What If You Met All of Your Virtual Friends?

MassMoca Day Trip

My wife and I took a personal day (no kids!) last week to visit MassMoCA, a huge and expanding contemporary art space in the Berkshires of Western Massachusetts. It was my first visit there (see yesterday’s Slice of Life for what I saw) and as we wandered around huge galleries in an old manufacturing facility, I was amazed by the depth of the artwork (and we even got a chance to try Virtual Reality Goggles for the first time, too, which was a neat immersive experience).

One of the exhibits that caught our attention was by Tonya Hollander, whose Are You Really My Friend? seeks to break down the barriers between the “friends” we make in online spaces and our interactions out here, in the worlds beyond the screen. Hollander decided to visit, with her camera, all 626 of her Facebook friends, documenting her journeys. Along with photos, she has sticky notes from folks, stuff given to her along the way, documents of her journey, and much more. The exhibit itself is multi-layered, in interesting ways, with translucent banners of artwork hanging from the rafters of the room.

It’s fascinating to see how she breached the wall between our virtual identities and our offline identities.

I was struck most by the humanity of the exhibit. It’s easy to lose track of the stories behind those who choose to follow us, and those we decide is worth our time to follow. Can you imagine spending fives years on a journey of documentation? Can you imagine how powerful that would really be? How it would strengthen your network?

Given all of our worries about how digital spaces are dipping towards chaos and negativity, the act of sharing our lives with a stranger, who becomes a friend, reminds us of why many of us went online in the first place: to find our Tribe and connect with others, and to expand our own notions of what it means to be a citizen of the world (or World).

Peace (in all spaces),
Kevin

 

6 Comments
  1. Your post is so encouraging, Kevin. It’s comforting to know that the small stories are real and reveal our humanity amidst all the negativity you mention.

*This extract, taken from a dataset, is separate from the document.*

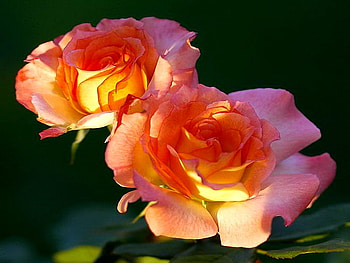 Blooms in the light, pink, green leaves, roses, glow, light HD wallpaper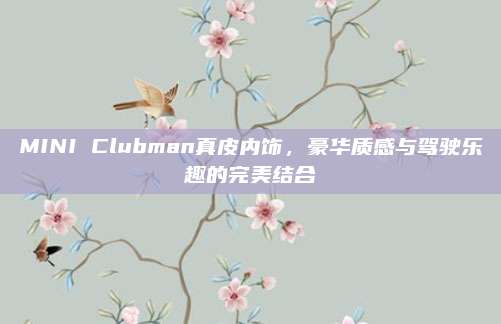 MINI Clubman真皮内饰,豪华质感与驾驶乐趣的完美结合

  2. I love this story Kevin; thank you for sharing it.

    For me it speaks more to the harsh realities that we have in “real” environments just as in “digital” environments.

    Many are critiquing the language that I’m using around #DigCiz

    Citizenship is a horrible word they tell me. It has this horrible history. It is divisive. It is used to tear us apart.

    or

    The digital and the real are not apart from one another – you are creating a false binary.

    Still, I see we need to belong to something and still I see the problems with belonging.

    Still, I see these separations where the digital impacts the “real” and the “real” impacts the digital.

    I think that it is complex and that this is a great example of the environment affecting the individual.

    I also think that we often think we know people in one context and then find they are different in a different context. I think that this makes us angry sometimes because we expected them to be the same but really it is not fair to ask this of them.

    Just my (maybe a little more than) 2 cents.

    • I love your cents. Yes, the project captures so much of identity, right? The perceptions we have of others. What others have of us. I keep thinking, she spent years doing this, arranging meetings and, how powerful that must have been for her, and for them. There’s a whole section of Sticky Notes that are fascinating and then all sorts of ephemeral materials that she collections. Taken together, Are You My Friend? is an eye-opener.
      Kevin

  3. my #sol17 post was me wandering around Yuma PHA with my new smartphone taking pics, hoping my example and images instead of words will encourage other cell phone users to do more — and share.